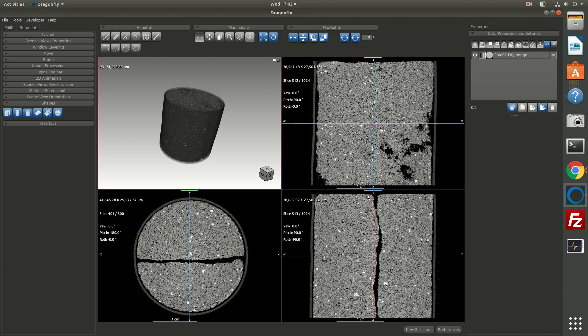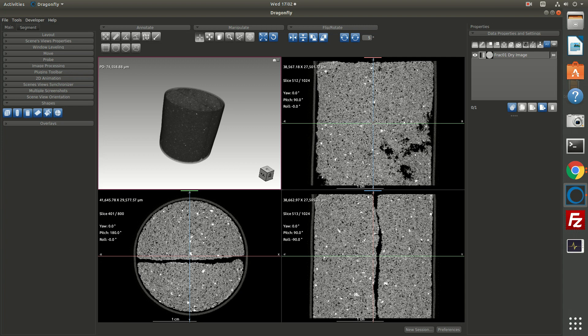We have the Berea sandstone fracture sample from the Digital Rocks portal, and in this video we're going to look at a few tools associated with image segmentation. We're going to look at tools for ROIs, or regions of interest, and tools for shapes, namely the cylinder tool. And we're also going to look at how you would compute a thickness mesh.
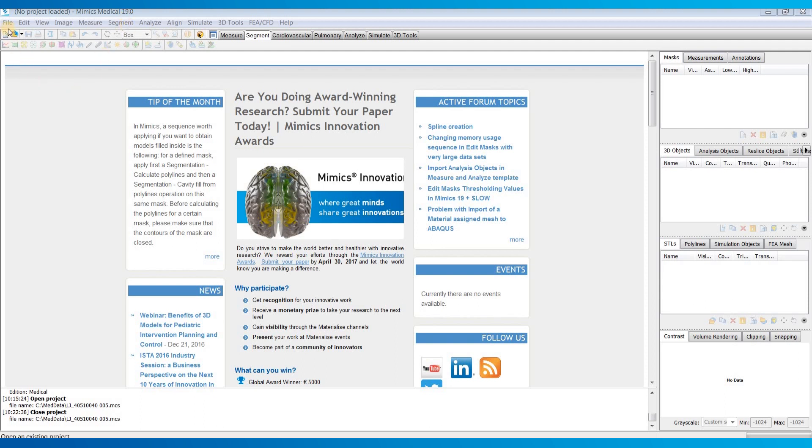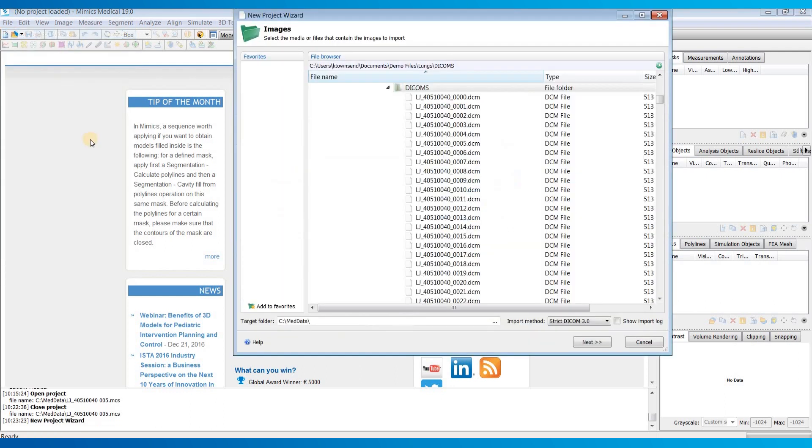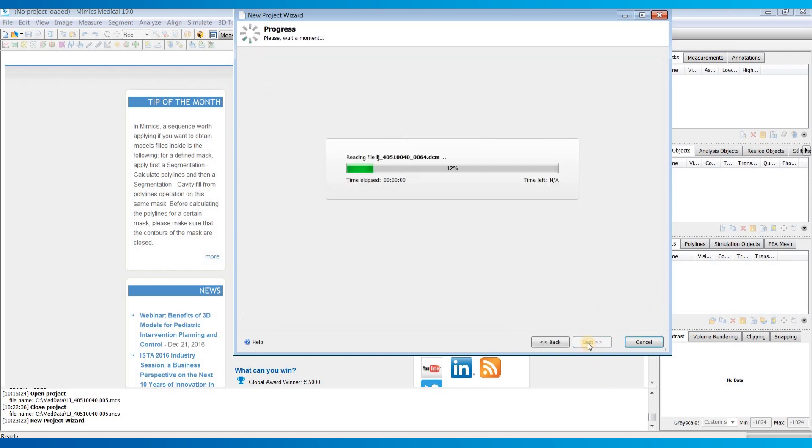So first thing I'll do is go to the file menu and go to new project wizard to import my raw DICOM images. This will bring up this dialog box where I can select the parent DICOM folder that contains all of my images. And then I'm going to hit next.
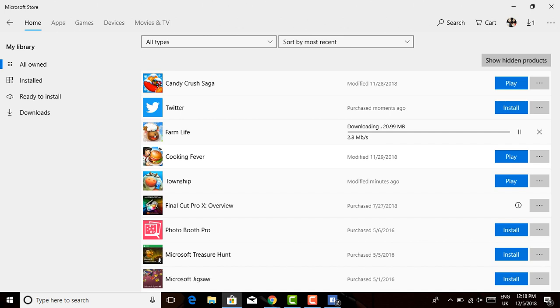You can download free apps or you can download paid apps. Paid apps would require payment options that are available in your region like credit card, debit card, and all that. So thank you for watching. Please don't forget to subscribe, like and comment on our channel.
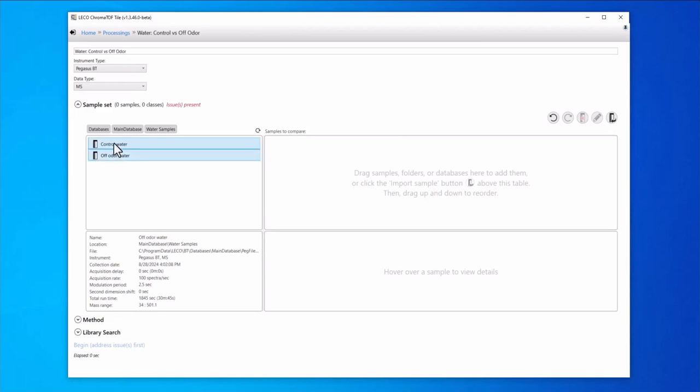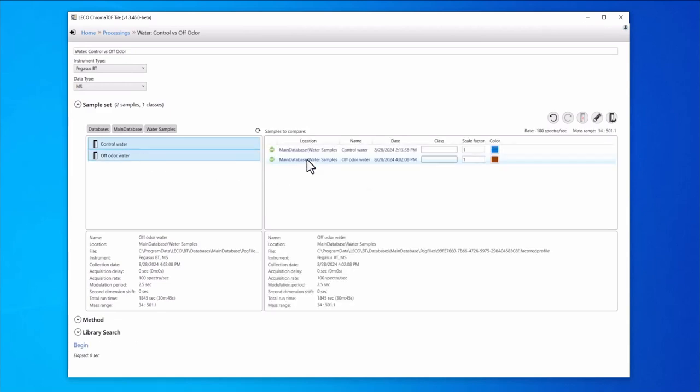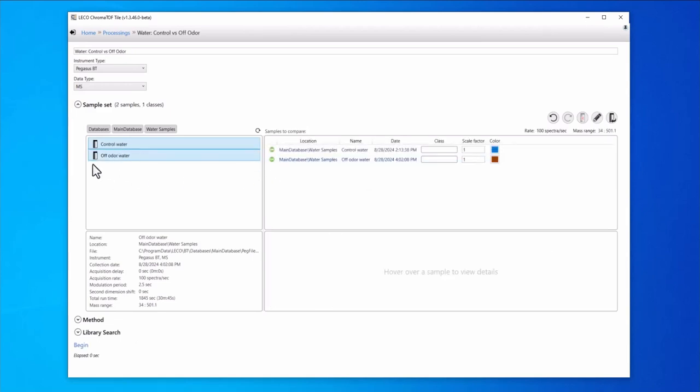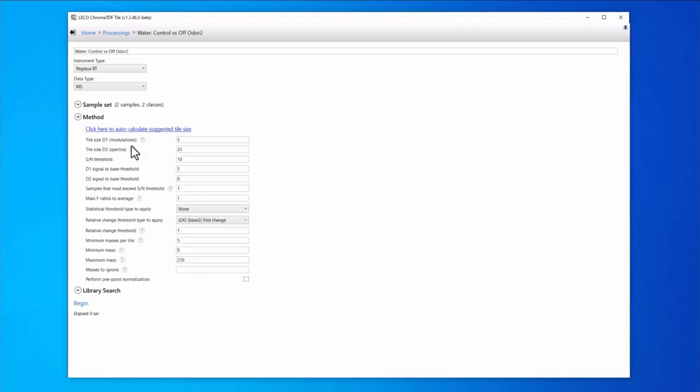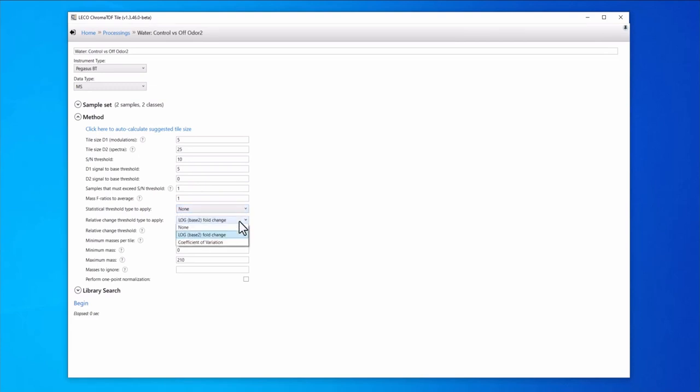With the Fold Change test, we have the option to compare just two samples, and defining sample classes is optional. We can select this option from the drop-down menus in the method. These comparison options help provide more flexibility and cover more experimental designs and comparison objectives.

WORK REQUIRED -
Restate the material word for word; no picture should appear in the copy.

COMPLETED TASK -
We have the Berea sandstone fracture sample from the Digital Rocks portal, and in this video we're going to look at a few tools associated with image segmentation. We're going to look at tools for ROIs, or regions of interest, and tools for shapes, namely the cylinder tool. And we're also going to look at how you would compute a thickness mesh.
So first thing I'll do is go to the file menu and go to new project wizard to import my raw DICOM images. This will bring up this dialog box where I can select the parent DICOM folder that contains all of my images. And then I'm going to hit next.
You can download free apps or you can download paid apps. Paid apps would require payment options that are available in your region like credit card, debit card, and all that. So thank you for watching. Please don't forget to subscribe, like and comment on our channel.
With the Fold Change test, we have the option to compare just two samples, and defining sample classes is optional. We can select this option from the drop-down menus in the method. These comparison options help provide more flexibility and cover more experimental designs and comparison objectives.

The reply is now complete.